Si on considère les surfaces ensemencées, les différences entre les groupes sont encore plus marquées que si on considère la superficie réelle des terres qu’ils possèdent et des terres qu’ils exploitent, sans même parler des lots concédés((Si nous prenons l’indice 100 pour la quantité de terre communautaire détenue par foyer paysan sans cheval, l’étendue de cette terre détenue par les groupes supérieurs sera de: 159, 206, 259, 321. Pour la propriété foncière réelle de chacun des groupes, les chiffres seront les suivants: 100, 214, 314, 477, 786, et pour la surface ensemencée: 100, 231, 378. 568, 873.)). Cela nous montre une fois de plus à quel point la classification d’après la terre concédée est défectueuse. A l’heure actuelle, en effet, la «répartition égalitaire» de cette terre n’est plus qu’une fiction juridique. Les autres colonnes du tableau montrent de quelle manière se réalise dans la paysannerie «la combinaison de l’agriculture et des métiers auxiliaires»: la paysannerie aisée pratique une agriculture capitaliste et commerciale (fort pourcentage d’exploitations employant des ouvriers agricoles) et en même temps, elle possède des entreprises industrielles et commerciales. Les paysans pauvres au contraire vendent leur force de travail (gagne-pain hors du village) tout en continuant à ensemencer de très petites superficies: en d’autres termes, ils deviennent des ouvriers agricoles et des journaliers pourvus d’un lot de terre. Notons que si on n’observe pas une diminution normale du pourcentage des foyers ayant un gagne-pain hors du village, cela provient du fait que dans la province de Nijni-Novgorod ces «gagne-pain» et «métiers auxiliaires» sont d’une grande diversité: à côté des ouvriers agricoles, des manoeuvres, des ouvriers du bâtiment et des chantiers navals, etc., on classe en effet dans la catégorie des gens exerçant un métier auxiliaire un nombre relativement très important de koustaris, de propriétaires d’ateliers industriels, de marchands, de revendeurs, etc. On comprend donc qu’en confondant des types aussi différents, on fausse le chiffre des « foyers ayant un gagne-pain d’appoint »((Sur les «métiers auxiliaires» des paysans de la province de Nijni-Novgorod. v. M. Plotnikov: Les industries artisanales de la province de Nijni-Novgorod (Nijni-Novgorod 1894), les tableaux de la fin du livre, de même que les recueils de statistique des zemstvos, en particulier sur les districts de Gorbatov et de Sémionov. )).

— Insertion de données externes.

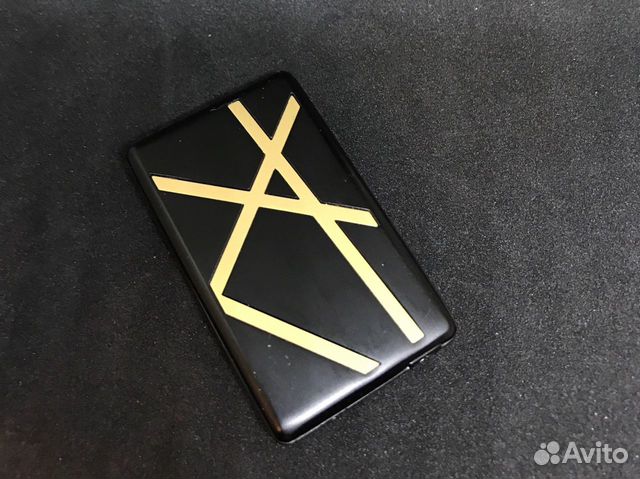 Marlboro зажигалка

Pour ce qui est des différences entre les exploitations agricoles des divers groupes de paysans, notons que dans la province de Nijni-Novgorod «le fumage … est une des conditions essentielles du rendement des labours» (p. 79 du Recueil sur le district de Kniaguinine). La récolte moyenne de seigle s’élève régulièrement à mesure qu’augmente le fumage de la terre: avec 300 à 500 charretées de fumier par 100 déciatines de terre communautaire elle est de 47,1 mesures par déciatine ; avec 1 500 charretées et plus. elle est de 62,7 mesures (ibid., p. 84). Il est donc évident que la différence entre les groupes doit être encore plus marquée en ce qui concerne l’importance de la production agricole, que la différence en ce qui concerne a surface ensemencée; il est également clair que les statisticiens de Nijni-Novgorod ont commis une grave erreur en étudiant le rendement en général sans faire de distinction entre le rendement obtenu par les paysans aisés et par les paysans pauvres.